Press ? to show this help

Press Esc to hide this help

Hands-On: From Tensors to Models

This chapter teaches Morok through progressive examples. You’ll start with basic tensor operations and build up to a working neural network classifier.

What you’ll learn:

  • Creating and manipulating tensors
  • Shape operations (reshape, transpose, broadcast)
  • Matrix multiplication
  • Building reusable layers
  • Composing a complete model

Prerequisites:

  • Basic Rust knowledge
  • Add morok_tensor to your Cargo.toml

Key pattern: Morok uses lazy evaluation. Operations build a computation graph without executing. Call realize() to compile and run everything at once.


Example 1: Hello Tensor

Let’s create tensors, perform operations, and get results.

use morok_tensor::Tensor;

fn main() -> Result<(), Box<dyn std::error::Error>> {
    // Create tensors from slices
    let a = Tensor::from_slice(&[1.0f32, 2.0, 3.0, 4.0]);
    let b = Tensor::from_slice(&[10.0f32, 20.0, 30.0, 40.0]);

    // Lazy operations (no execution yet)
    let sum = &a + &b;
    let scaled = &sum * &Tensor::from_slice(&[0.1f32]);

    // Execute and get results
    let result = scaled.realize()?;
    let data = result.to_ndarray::<f32>()?;
    println!("Result: {:?}", data);
    // Output: [1.1, 2.2, 3.3, 4.4]

    Ok(())
}

What’s happening:

  1. Tensor::from_slice() creates a tensor from a Rust slice. The f32 suffix tells Rust the element type.

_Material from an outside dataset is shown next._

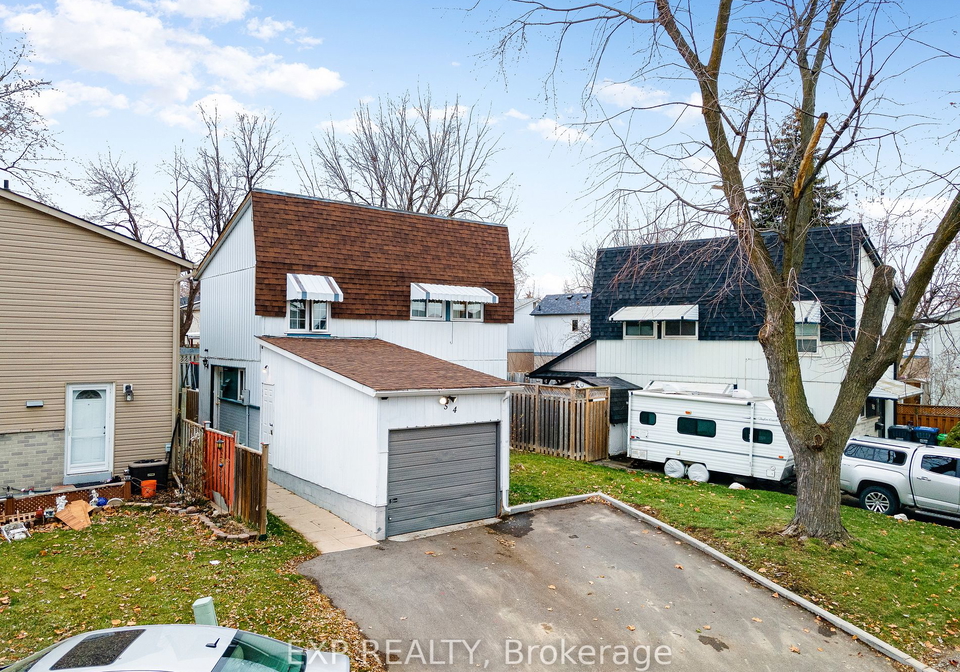 54-gladstone-square-brampton-ontario-w7330878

  2. &a + &b doesn’t compute anything yet. It returns a new Tensor that represents the addition. The & borrows the tensors so we can reuse them.

  3. realize() is where the magic happens. Morok:

    • Analyzes the computation graph
    • Fuses operations where possible
    • Generates optimized code
    • Executes on the target device
  4. to_ndarray() extracts the result as an ndarray::ArrayD for inspection.

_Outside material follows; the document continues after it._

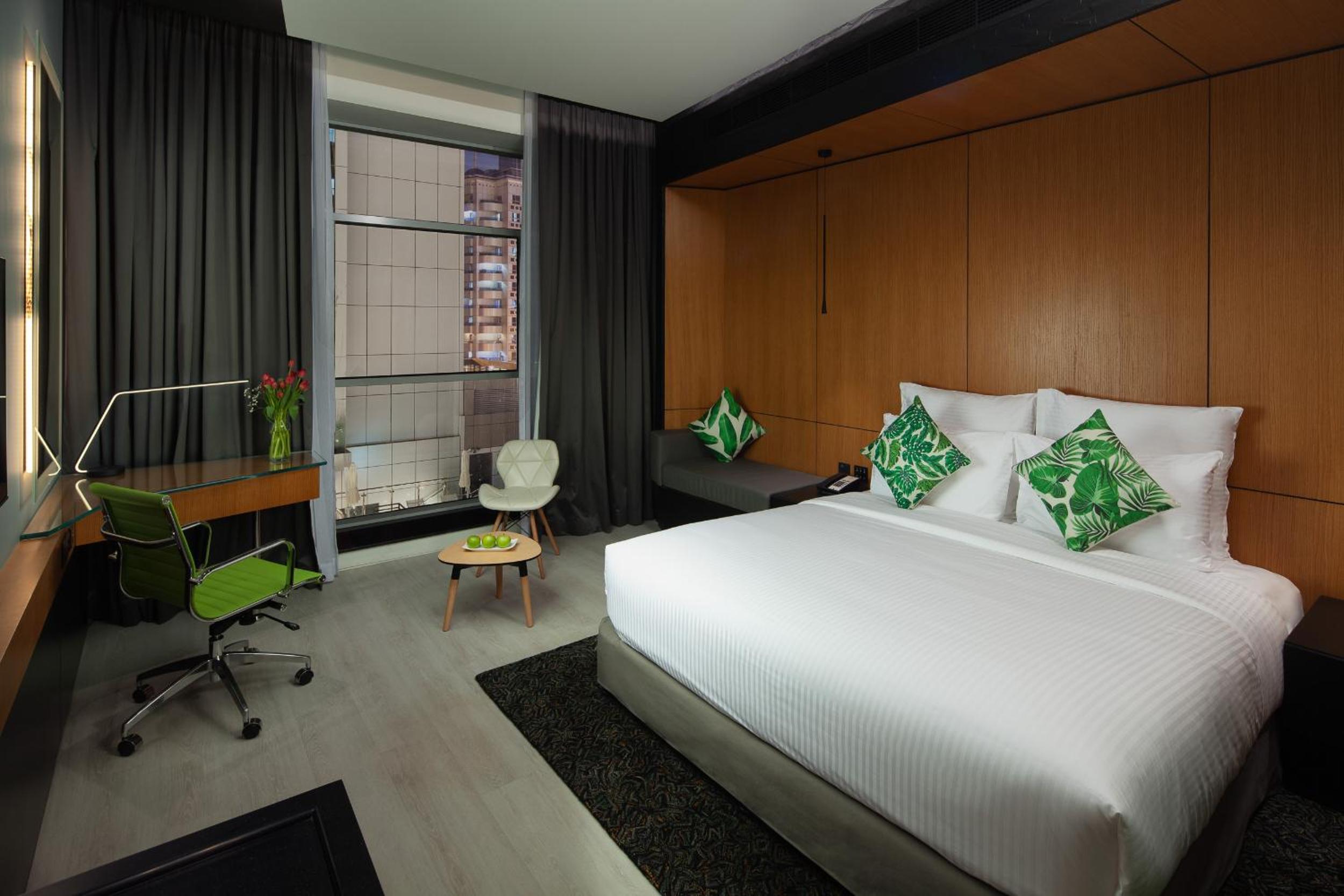 Garden, Classic, King Bed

Try this: Remove the realize() call. The code still runs, but data would be empty—nothing was computed.


Example 2: Shape Gymnastics

Neural networks constantly reshape data. Let’s master the basics.

#![allow(unused)]
fn main() {
fn shape_example() -> Result<(), Box<dyn std::error::Error>> {
    // Create a 1D tensor with 6 elements
    let data = Tensor::from_slice(&[1.0f32, 2.0, 3.0, 4.0, 5.0, 6.0]);
    println!("Original shape: {:?}", data.shape());  // [6]

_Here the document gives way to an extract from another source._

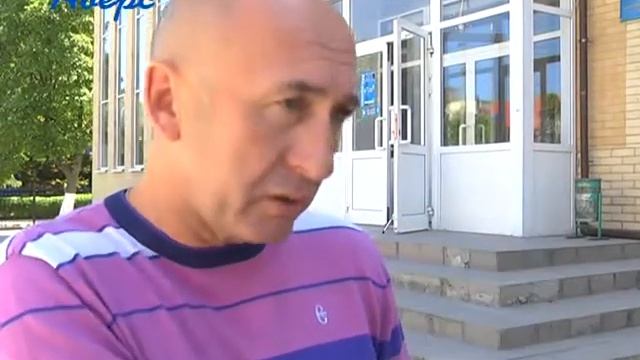 Замість дитячого майданчика та зеленої зони - бруківка та парковки смотреть онлайн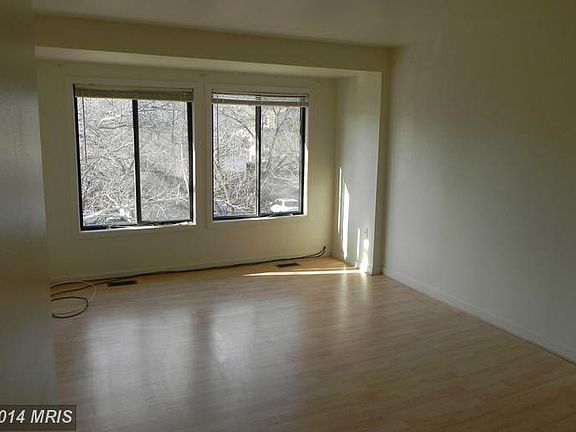 5th image of 9719 Lake Shore Dr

    // Reshape to a 2x3 matrix
    let matrix = data.try_reshape(&[2, 3])?;
    println!("Matrix shape: {:?}", matrix.shape());  // [2, 3]
    // [[1, 2, 3],
    //  [4, 5, 6]]

    // Transpose to 3x2
    let transposed = matrix.try_transpose(0, 1)?;
    println!("Transposed shape: {:?}", transposed.shape());  // [3, 2]
    // [[1, 4],
    //  [2, 5],
    //  [3, 6]]

    // Broadcasting: add a row vector to every row
    // [3, 2] + [1, 2] → [3, 2]
    let bias = Tensor::from_slice(&[100.0f32, 200.0])
        .try_reshape(&[1, 2])?;
    let biased = &transposed + &bias;

    let result = biased.realize()?;
    println!("{:?}", result.to_ndarray::<f32>()?);
    // [[101, 204],
    //  [102, 205],
    //  [103, 206]]

    Ok(())
}
}

Key operations:

OperationWhat it does
try_reshape(&[2, 3])Change shape (same total elements)
try_reshape(&[-1, 3])Infer dimension from total size
try_transpose(0, 1)Swap dimensions 0 and 1
try_squeeze(dim)Remove dimension of size 1
try_unsqueeze(dim)Add dimension of size 1

Broadcasting rules (same as NumPy/PyTorch):

  • Shapes align from the right
  • Each dimension must match or be 1
  • Dimensions of size 1 are “stretched” to match
[3, 2] + [1, 2] → [3, 2]  ✓ (1 broadcasts to 3)
[3, 2] + [2]    → [3, 2]  ✓ (implicit [1, 2])
[3, 2] + [3]    → error   ✗ (2 ≠ 3)

Example 3: Matrix Multiply

Matrix multiplication is the workhorse of neural networks. Every layer uses it.

#![allow(unused)]
fn main() {
fn matmul_example() -> Result<(), Box<dyn std::error::Error>> {
    // Input: 4 samples, 3 features each → shape [4, 3]
    let input = Tensor::from_slice(&[
        1.0f32, 2.0, 3.0,   // sample 0
        4.0, 5.0, 6.0,      // sample 1
        7.0, 8.0, 9.0,      // sample 2
        10.0, 11.0, 12.0,   // sample 3
    ]).try_reshape(&[4, 3])?;

    // Weights: 3 inputs → 2 outputs → shape [3, 2]
    let weights = Tensor::from_slice(&[
        0.1f32, 0.2,  // feature 0 → outputs
        0.3, 0.4,     // feature 1 → outputs
        0.5, 0.6,     // feature 2 → outputs
    ]).try_reshape(&[3, 2])?;

    // Matrix multiply: [4, 3] @ [3, 2] → [4, 2]
    let output = input.dot(&weights)?;

    let result = output.realize()?;
    println!("Output shape: {:?}", result.shape());  // [4, 2]
    println!("{:?}", result.to_ndarray::<f32>()?);
    // Each row: weighted sum of that sample's features

    Ok(())
}
}

Shape rules for dot():

LeftRightResult
[M, K][K, N][M, N]
[K][K, N][N] (vector-matrix)
[M, K][K][M] (matrix-vector)
[B, M, K][B, K, N][B, M, N] (batched)

The inner dimensions must match (the K). Think of it as: “for each row of left, dot product with each column of right.”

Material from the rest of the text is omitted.